In late 2019, the league announced plans to expand from nine teams to fourteen over the next three years. However, a combination of disagreements between NWSL and USSF on how the league should be run (especially concerning a commissioner) and the later COVID-19 pandemic, this schedule was pushed back with no expansion in 2020. However, multiple league officials voiced optimism about reaching 14 teams in their near future.

==== New England (Connecticut, 2019) ====
- Current status
  As of 12 May 2023, the NWSL has made no public announcements about the bid.

In April 2019, former Connecticut congressional candidate and real-estate investor Mark Greenberg submitted a bid for an NWSL team, with an ownership group that included former USWNT player Kristine Lilly and plans to play at 7,000-seat stadium to be built at a softball complex in Windsor, Connecticut, and the Willow Brook Park baseball facility in New Britain, Connecticut. Mohegan Sun Sports, operator of the Connecticut Sun of the Women's National Basketball Association and New England Black Wolves of the National Lacrosse League, would operate the team's business. The group also included longtime soccer administrator Thom Meredith and Civic Mind Studios founder T.J. Clynch. Dillon Stadium, the proposed site for the 2012 bid, was now occupied by men's team Hartford Athletic, which was not involved in the 2019 bid. The proposed team would be branded for New England rather than Connecticut.

==== Austin, Texas (2018–2022) ====
- Current status
  No publicly announced NWSL bid as of 12 May 2023; Austin FC refused to confirm interest in a bid in October 2022.

Austin, Texas, has been listed as a potential NWSL expansion candidate multiple times since summer of 2018, though few details are known concerning the potential ownership group. On May 13, 2022, Austin FC's ownership was among the seven groups Grant Wahl reported had strong interest in starting NWSL expansion teams. However, in October 2022 a spokesperson for Austin FC refused to comment on whether the team was considering financially supporting a women's team.

==== Canada (Toronto FC, 2021–2022) ====
- Current status
  No publicly announced bid as of 12 May 2023; an independent Canadian women's professional soccer league known as the Northern Super League was announced in 2022 with AFC Toronto City among its founding teams.

Following Canada's gold medal victory in the 2020 Summer Olympics in Tokyo, renewed calls were made for a Canadian-based team in the NWSL. With Canada Soccer President Nick Bontis wanting to bring a NWSL team to Canada or for a dedicated Canadian professional league.

On May 13, 2022, Toronto FC's ownership was among the seven groups Grant Wahl reported had strong interest in starting NWSL expansion teams.

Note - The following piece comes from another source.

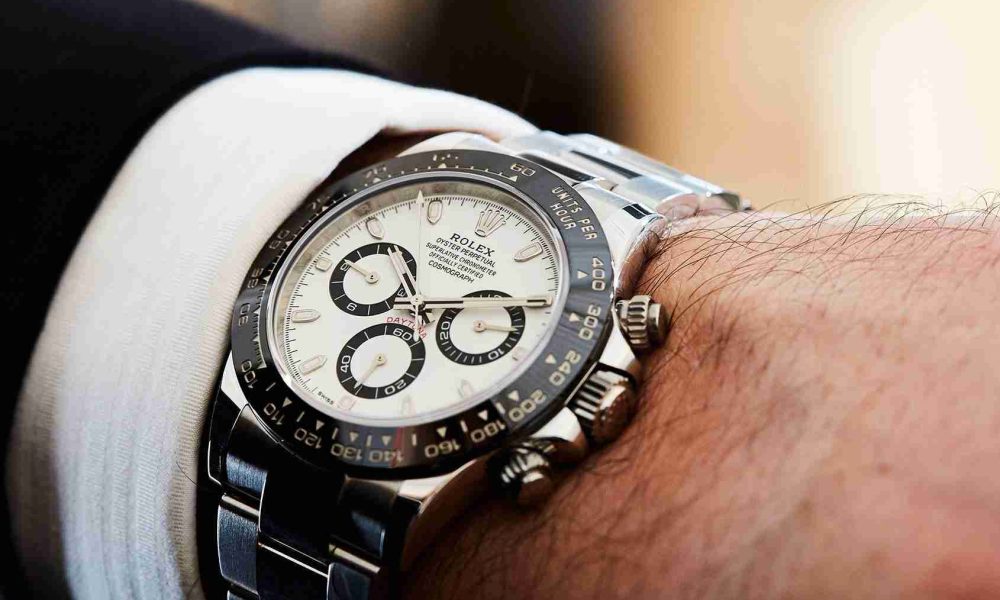 Timepiece Excellence: Navigating Rolex Dealers in Singapore for Your Luxury Watch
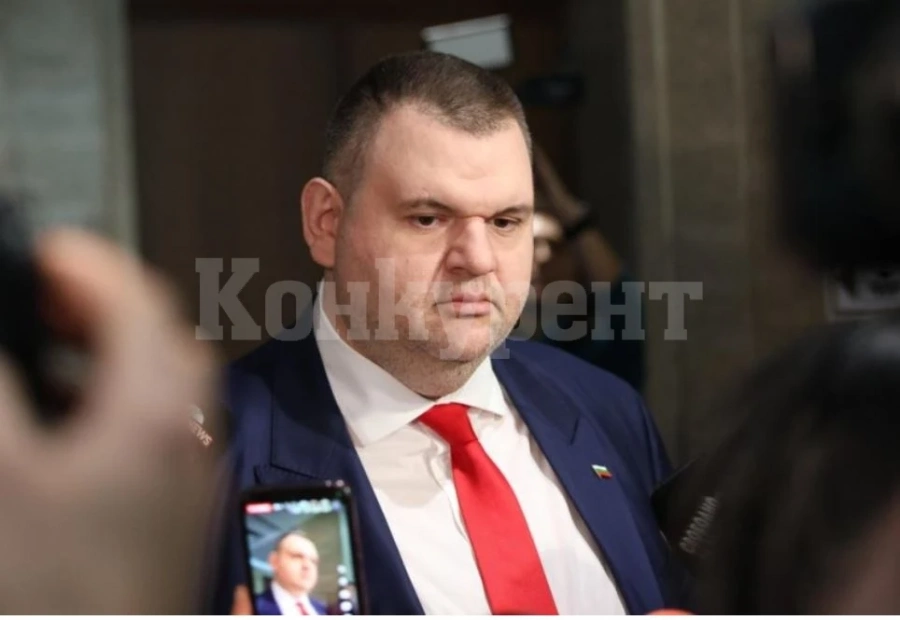 Политологът Любомир Стефанов: Пеевски е централна фигура в българския политически живот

==== Oakland, California (2022) ====
- Current status
  No publicly announced NWSL bid as of 18 May 2023. NWSL approved a Bay Area team for play in the same media market to launch in 2024. Oakland Roots/Soul were announced in May 2023 as a potential founding club of the proposed competing top-division USL Super League.

A bid based out of Oakland, California, was announced on November 2, 2022, as part of a strategic alliance between The Town FC and the African American Sports & Entertainment Group. The AASEG is also attempting to bring WNBA and NFL expansions to Oakland, with the goal of these three teams to be based at the current site of the Oakland Arena and Oakland Coliseum.

==== Philadelphia (2022) ====
- Current status
  Has not submitted a bid for expansion as of 9 May 2023.

In July 2022, Philadelphia Union president Tim McDermott said that they were in talks with the NWSL regarding possible expansion and assessing the market for NWSL for the city. Philadelphia is the fourth-largest media market in the United States.